We can preview our changes at any time with the Dev URL/live preview functionality:
We’ll be pushing our app to Cloud Foundry, an open-source, cloud-based application platform. With Cloud Foundry, we have a platform as a service that allows us to deploy our application in just minutes without managing the underlying server setup and infrastructure management.
Before we publish our application, we’ll need to build it:
$ ./gradlew clean assemble
Once your application builds successfully, you can push to Cloud Foundry:
$ cf login -a https://api.run.pivotal.io -u [email protected]
# you’ll be prompted for your password at this point
$ cf push
Note that we can use the
cf push command because what we need to push to Cloud Foundry was included in the image we used to create the environment. Once someone creates an image that includes Cloud Foundry, others can use the image and push their apps to Cloud Foundry without additional setup. By creating development environments from a centralized repository of images, Coder saves developers hours or even days of time that would normally be required to manually set up and configure their environments and it ensures consistency across the team.
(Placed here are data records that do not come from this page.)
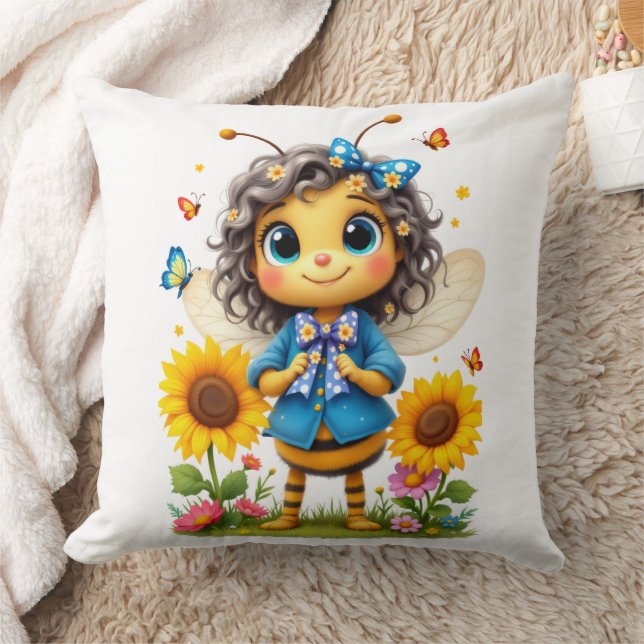 Lil miss bee throw pillow (Blanket)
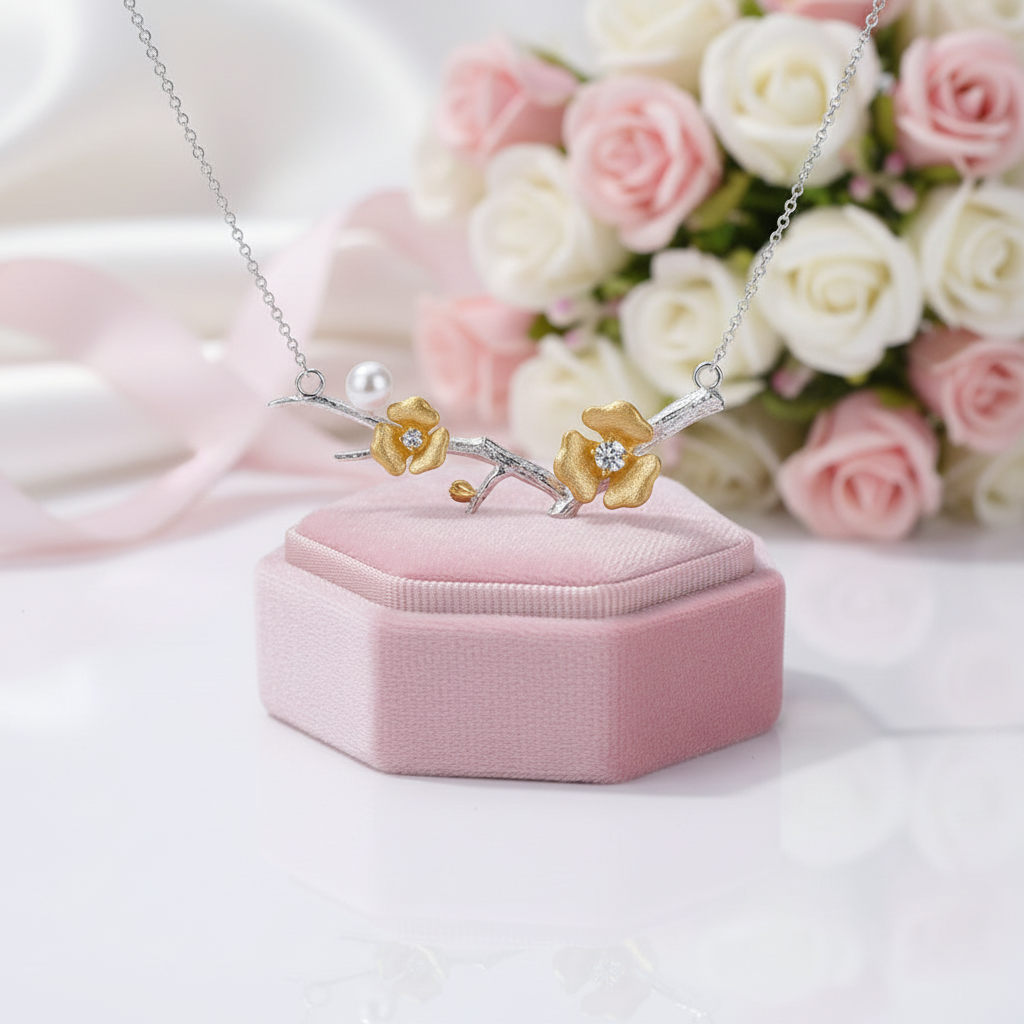 Plum Blossom Flower Necklace-Black Diamonds New York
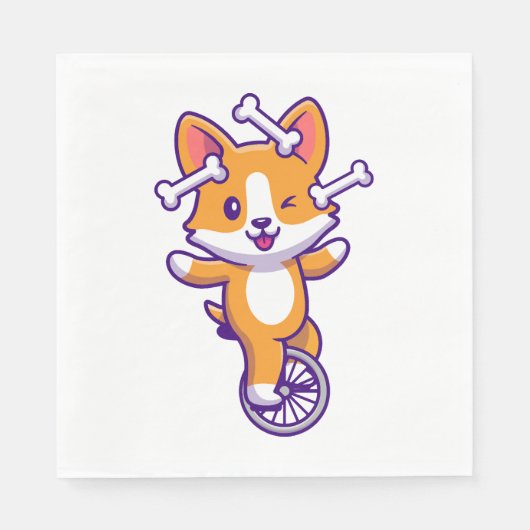 Niedlicher Corgi-Dog-Circus mit Knochen Serviette (Vorderseite)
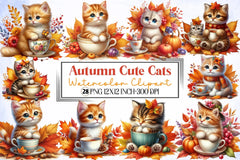 Autumn Cats Clipart Bundle - CraftNest - Digital Crafting and Art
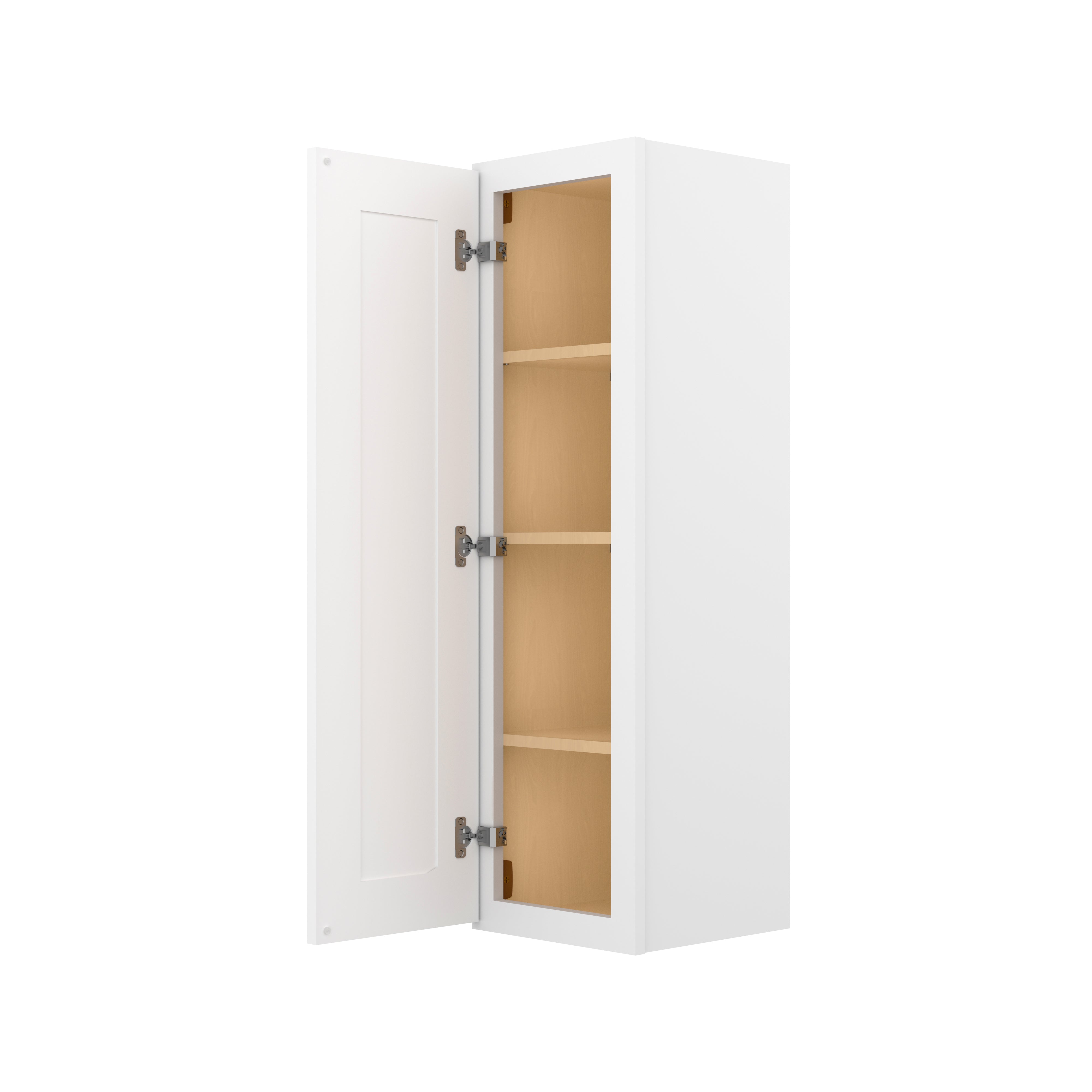 Easy-DIY 12-in W x 12-in D x 42-in H in Shaker White Ready to Assemble Wall Kitchen Cabinet 1 Door-3 Shelves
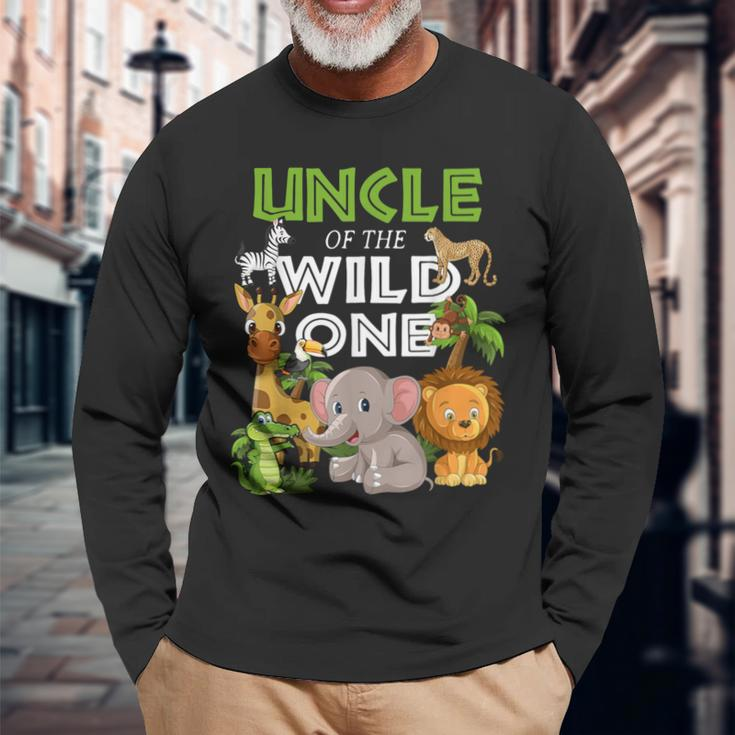 Uncle Of The Wild One Zoo Birthday Safari Jungle Animal Long Sleeve T-Shirt Gifts for Old Men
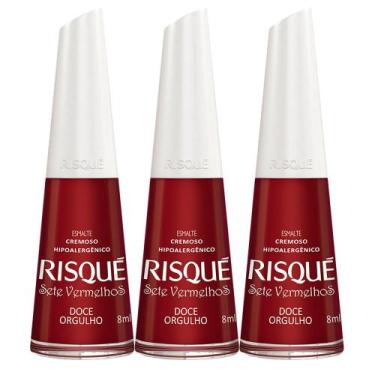 Imagem de Kit 3 Esmalte Risqué 7 Vermelhos Cor Doce Orgulho Hipoalergênico com 8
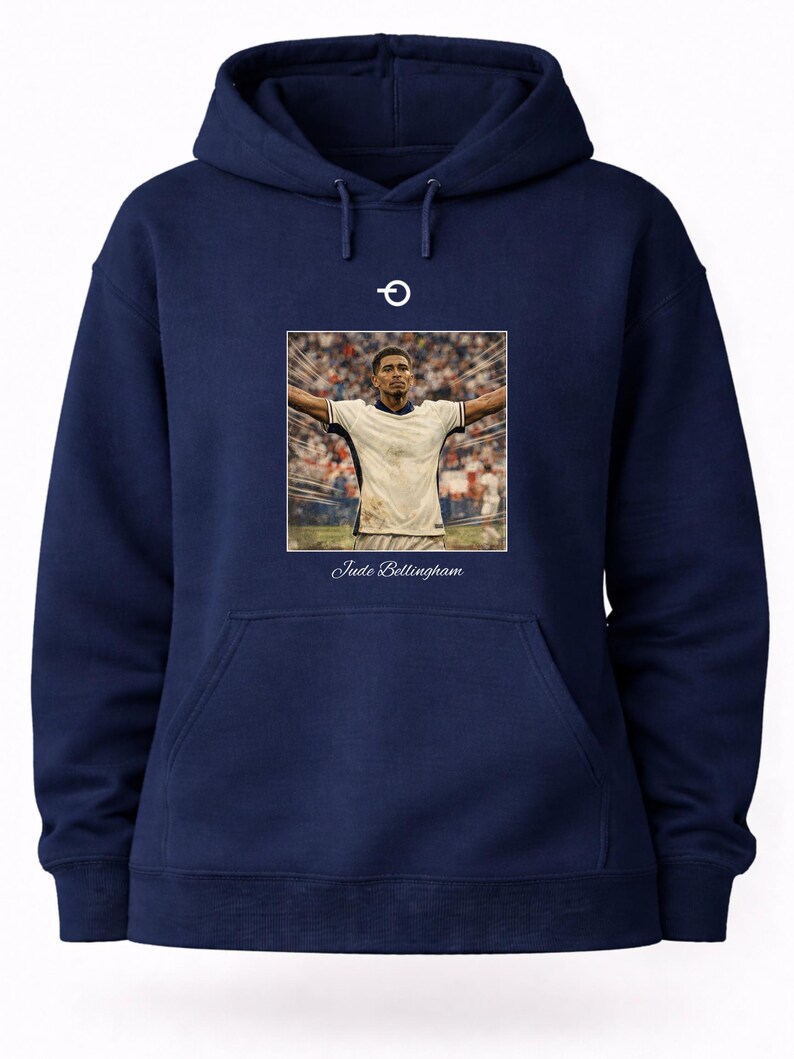 Jude Bellingham Vintage Poster Hoodie | Retro Football Graphic | Real Madrid England & World Cup 2026 image 7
If all goes well, you’ll see output similar to the following after pushing your app to Cloud Foundry:
routes: spring-music-forgiving-puku-wn.cfapps.io last uploaded: Mon 03 Aug 17:30:30 UTC 2020 stack: cflinuxfs3 buildpacks: java type: web instances: 1/1 memory usage: 1024M start command: JAVA_OPTS="-agentpath:$PWD/.java buildpack/open_jdk_jre/bin/jvmkill-1.16.0 ... state since cpu memory disk details #0 running 2020-08-03T17:31:25Z 0.0% 215.2M of 1G 163M of 1G
Notice the routes information in the Cloud Foundry output; you can use this to access your newly published application:
We have taken our Spring Music application and very quickly moved it through the pipeline from development to production, all without having to worry about infrastructure.
Coder transforms your development environment from individually owned workstations to the cloud, allowing you to focus on writing code, not on setting up development environments. Cloud Foundry simplifies the act of deploying your app by removing the need for you to handle infrastructure-related tasks. Together, the two platforms can enable rapid, seamless application development and deployment, maximizing your engineers' velocity.
Note: Coder will add support for Spring Tool Suite 4 beginning with v1.10 (release date 2020-08-20).